Hee in the folds of tender-grasse,
Doth cause mee downe to lie:

To waters calme me gently leads
Restore my soule doth hee:
He doth in paths of righteousness
for his names sake leade mee.

It's also hard to imagine a congregation enthusiastically singing Psalm 137 out of the book:

Blest shall hee bee, that payeth thee,
daughter of Babylon,
who must be waste: that which thou hast
rewarded us upon.

O happie hee shall surely bee
that taketh up, that eke
thy little ones against the stones
doth into pieces breake.

The writer of the book's preface admits that some of the versifications are a bit rough.

"If therefore the verses are not always so smooth and elegant as some may desire or expect; let them consider that God's altar needs not our polishing," he wrote. "We have respected rather a plain translation, than to smooth our verses with the sweetness of any paraphrases, and so have attended conscience rather than elegance, fidelity rather than poetry."

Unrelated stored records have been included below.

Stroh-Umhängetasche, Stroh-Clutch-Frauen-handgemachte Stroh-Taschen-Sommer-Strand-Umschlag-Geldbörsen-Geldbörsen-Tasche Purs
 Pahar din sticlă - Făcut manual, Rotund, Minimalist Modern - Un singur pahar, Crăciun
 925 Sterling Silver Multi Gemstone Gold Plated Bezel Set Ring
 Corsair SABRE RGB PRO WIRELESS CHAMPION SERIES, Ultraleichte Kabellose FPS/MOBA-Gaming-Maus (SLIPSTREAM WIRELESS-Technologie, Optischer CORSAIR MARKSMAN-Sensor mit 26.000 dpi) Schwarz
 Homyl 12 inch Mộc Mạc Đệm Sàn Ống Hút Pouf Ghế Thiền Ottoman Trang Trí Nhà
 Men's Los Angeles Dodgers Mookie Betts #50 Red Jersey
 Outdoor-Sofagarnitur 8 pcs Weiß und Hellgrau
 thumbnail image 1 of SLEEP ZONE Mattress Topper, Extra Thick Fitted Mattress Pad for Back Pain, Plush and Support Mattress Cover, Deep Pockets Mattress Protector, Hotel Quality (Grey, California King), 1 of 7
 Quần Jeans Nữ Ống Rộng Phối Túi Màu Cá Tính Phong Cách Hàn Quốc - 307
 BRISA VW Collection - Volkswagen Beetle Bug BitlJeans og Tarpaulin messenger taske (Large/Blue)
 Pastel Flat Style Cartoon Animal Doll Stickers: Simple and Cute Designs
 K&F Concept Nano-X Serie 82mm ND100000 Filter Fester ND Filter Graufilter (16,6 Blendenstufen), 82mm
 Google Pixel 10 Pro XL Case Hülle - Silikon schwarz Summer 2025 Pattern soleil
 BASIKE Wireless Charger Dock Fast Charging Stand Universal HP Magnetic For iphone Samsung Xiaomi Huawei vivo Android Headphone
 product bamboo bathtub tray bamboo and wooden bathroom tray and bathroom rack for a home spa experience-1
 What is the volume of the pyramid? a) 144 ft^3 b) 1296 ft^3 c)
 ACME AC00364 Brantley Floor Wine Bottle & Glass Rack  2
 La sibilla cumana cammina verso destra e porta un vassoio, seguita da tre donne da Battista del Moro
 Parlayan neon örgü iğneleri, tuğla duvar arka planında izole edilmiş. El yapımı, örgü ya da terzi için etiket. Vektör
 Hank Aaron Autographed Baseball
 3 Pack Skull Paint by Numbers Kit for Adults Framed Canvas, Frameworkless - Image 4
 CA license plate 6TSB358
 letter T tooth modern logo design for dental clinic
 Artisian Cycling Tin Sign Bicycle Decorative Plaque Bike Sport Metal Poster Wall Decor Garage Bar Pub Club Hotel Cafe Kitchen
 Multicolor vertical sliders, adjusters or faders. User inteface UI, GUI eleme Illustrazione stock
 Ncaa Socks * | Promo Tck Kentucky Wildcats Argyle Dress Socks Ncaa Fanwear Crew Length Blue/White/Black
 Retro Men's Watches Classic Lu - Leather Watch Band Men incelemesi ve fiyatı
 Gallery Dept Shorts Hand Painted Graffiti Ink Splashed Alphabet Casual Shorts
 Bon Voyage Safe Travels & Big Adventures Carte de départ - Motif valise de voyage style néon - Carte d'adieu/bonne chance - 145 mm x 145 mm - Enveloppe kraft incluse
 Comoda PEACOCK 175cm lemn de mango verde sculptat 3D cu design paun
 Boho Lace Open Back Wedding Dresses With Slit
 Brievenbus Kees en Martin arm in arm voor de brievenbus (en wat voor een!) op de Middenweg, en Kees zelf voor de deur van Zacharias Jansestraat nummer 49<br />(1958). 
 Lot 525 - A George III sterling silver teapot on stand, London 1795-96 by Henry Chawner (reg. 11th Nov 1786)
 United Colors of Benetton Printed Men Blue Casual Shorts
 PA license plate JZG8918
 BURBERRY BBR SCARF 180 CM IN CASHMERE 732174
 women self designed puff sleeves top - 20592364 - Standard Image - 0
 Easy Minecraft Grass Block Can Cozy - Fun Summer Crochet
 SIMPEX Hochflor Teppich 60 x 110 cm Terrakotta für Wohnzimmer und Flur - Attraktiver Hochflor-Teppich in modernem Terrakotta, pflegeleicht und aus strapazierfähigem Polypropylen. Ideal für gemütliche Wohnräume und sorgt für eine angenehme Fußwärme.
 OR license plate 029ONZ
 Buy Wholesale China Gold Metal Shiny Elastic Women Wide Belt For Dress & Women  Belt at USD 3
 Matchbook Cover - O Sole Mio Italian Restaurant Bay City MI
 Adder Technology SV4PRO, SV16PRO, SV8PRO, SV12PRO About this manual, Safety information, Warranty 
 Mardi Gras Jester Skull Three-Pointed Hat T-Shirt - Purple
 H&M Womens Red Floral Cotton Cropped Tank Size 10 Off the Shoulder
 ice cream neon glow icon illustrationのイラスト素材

But even Cotton Mather admitted that "a little more art was to be employ'd upon it," and the second edition, published in 1647, had significant revisions.

7. This isn't the first time Old South has parted with a copy controversially.

Old South Church is considering selling one of its two copies (it's keeping the better of the two). But of the 11 copies still in existence, Old South used to own five, thanks to Rev. Thomas Prince's efforts in 1703 to create a definitive regional library.

A 1954 article in Life describes how it parted with the other three copies as "a masterpiece of thievery" and "a very proper swindle." It wasn't quite that bad. Around 1850, the church apparently traded two copies away for new bindings on its remaining copies. ("If this is the case, it is perhaps more to be deplored than that duplicates were allowed to leave the … collection," says a 1948 history.)

In 1860, the church traded a third copy for two other books (worth far less even then). Some church leaders unsuccessfully tried to get it back—as did Haraszti on the church's behalf. But to no avail. Eventually, however, the copies made their way to Yale University, the Library of Congress, and the John Carter Brown Library.